Makhubu, who has served as Deputy Commissioner overseeing taxpayer engagement and operations since 2023, inherits a revenue service that has undergone substantial institutional trauma. The SARS that exists today bears little resemblance to what it was a decade ago. During the State Capture period under former President Jacob Zuma, the institution was systematically dismantled — key personnel were purged, institutional knowledge evaporated, and compliance systems corroded. Tax collection deteriorated sharply, and public confidence in the service's integrity collapsed. By some estimates, SARS lost the equivalent of billions in rand in uncollected revenue during these years, creating cascading effects across South Africa's entire fiscal framework.
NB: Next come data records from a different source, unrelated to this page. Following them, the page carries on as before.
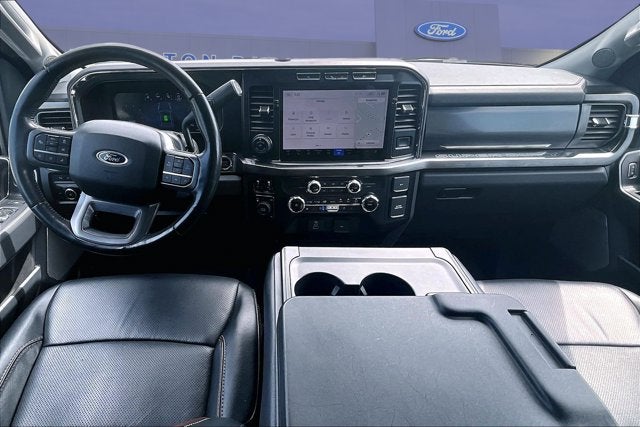 2023 Ford Super Duty F-250 SRW Super Duty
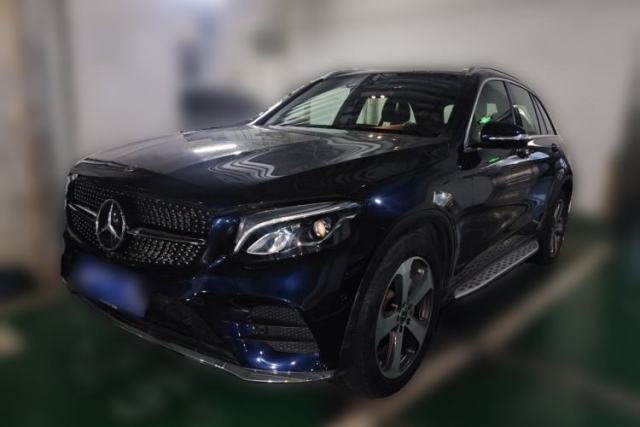 Used Mercedes-Benz GLC 2017 GLC 260 4MATIC Luxury Model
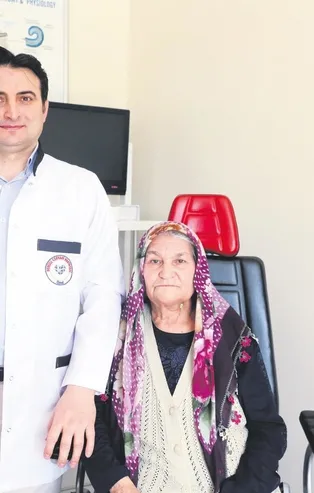 Denizli’de 75 yaşındaki kadın kırık dişi yüzünden dil kanseri oldu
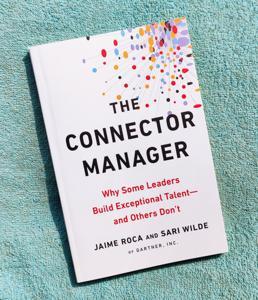 The Connector Manager by Jaime Roca and Sari Wilde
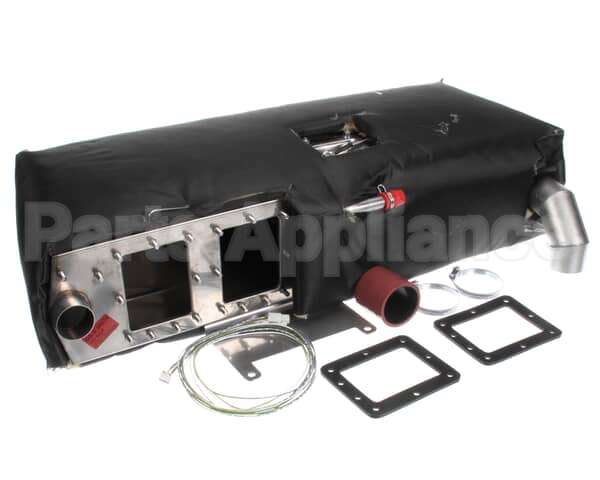 87.00.498 Rational Kit Steam Generator Insolated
The appointment of Makhubu as Ramaphosa's chosen successor to Edward Kieswetter signals that continuity, rather than radical restructuring, will define the next chapter. Kieswetter, who took the helm in 2019, embarked on a rebuilding mission focused on restoring institutional credibility, modernizing technology systems, and recruiting skilled personnel. Under his tenure, tax compliance improved measurably, and SARS began recovering its reputational standing. Makhubu's background in taxpayer engagement suggests he will pursue a similar reconciliation approach — rebuilding trust with the business community while simultaneously tightening collection mechanisms.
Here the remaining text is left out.